Full integration tied to visa-free movement in Africa

Regional heads of State during the 17th Ordinary EAC Summit in Arusha Tanzania. The bloc was ranked the most integration in Africa. PHOTO | SAMUEL MIRING’U

African countries have until 2018 to abolish visa requirements in order to promote free movement of people on the continent.

East and West African countries were single out as having less restrictions on travel for Africans, while the Central and North African nations have not abolished visa requirements two years to the deadline.

This was revealed at the inaugural launch of the Africa Regional Integration Index (ARII) during the Africa Development Week in the Ethiopian capital Addis Ababa. The index focuses on eight major blocs known as Regional Economic Communities.

“For Africa to fully integrate, countries should abolish the visa requirements to allow easy, free movement of people, goods and labour across the continent,” Stephen Karingi, UN Economic Commission for Africa (Uneca) director for regional integration and trade division said.

“As countries grow in innovation capacities, they are likely to integrate even more with each other through investment, supply chains, trade, knowledge and mobility.”

The five-member East African Community (EAC) was cited as the most integrated regional bloc. South Sudan was admitted to the bloc as its sixth member in March.

“A lot of progress has been made but we still have problems with energy shortages which pose serious constraints on businesses; lack of integrated infrastructure, and slow implementation of policy,” said acting chief economist of the Africa Development Bank (AfDB), Charles Lufumpa.

The ARII is designed to measure the extent to which each country in Africa is meeting its commitments under the various pan-African integration frameworks, such as the Agenda 2063. The index was compiled by the African Union, AfDB, and Uneca.

According to the index, Rwanda was ranked among the “deeply integrated” countries in the categories that included free movement of persons, financial integration, and macroeconomic policy convergence.

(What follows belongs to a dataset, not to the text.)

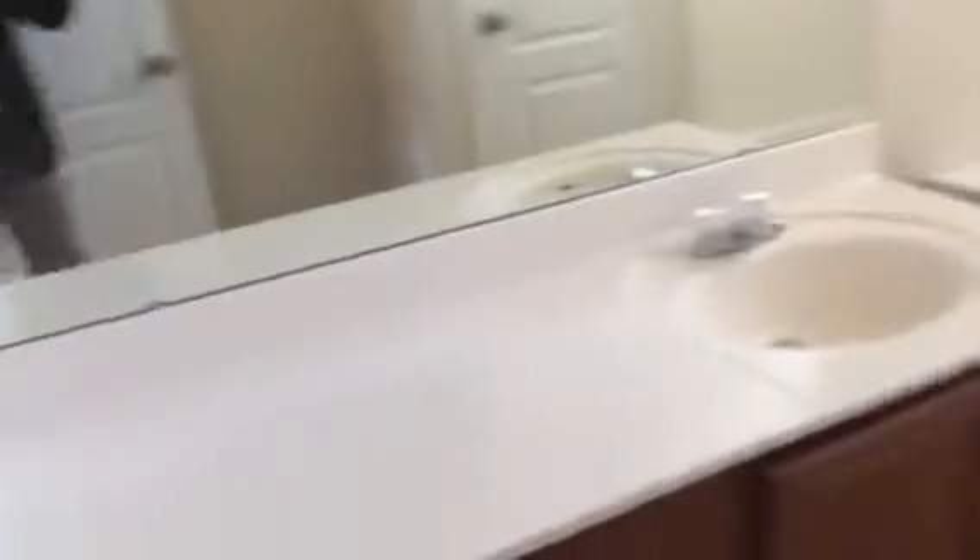And then we have the other bathroom — good shape there.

“Rwanda puts a high policy priority in terms of achieving a deeper degree of regional integration, most notably through the East African Community, but also Comesa and, more recently, ECCAS (which it re-joined in May 2015),” says the report.

Other categories of the index are trade integration, productive integration, and infrastructure.

Kenya was ranked top position in three of the four blocs it is a member of — the EAC, the Intergovernmental Authority on Development (Igad) and the Common Market for Eastern and Southern Africa (Comesa).

“Regional integration is often cited as a key component of economic transformation,” said Fatima Haram Acyl, the AUC commissioner for trade and industry.

Haram added that the index’s aim is to assess how African countries fare on integration and highlight the gaps.

The index focuses on eight major blocs known as Regional Economic Communities (RECs).  They include Community of Sahel-Saharan States (CEN-SAD), Economic Community Of West African States (ECOWAS), Arab Maghreb Union (UMA), Economic Community of Central African States (ECCAS), Southern African Development Community (SADC), Comesa, EAC and IGAD.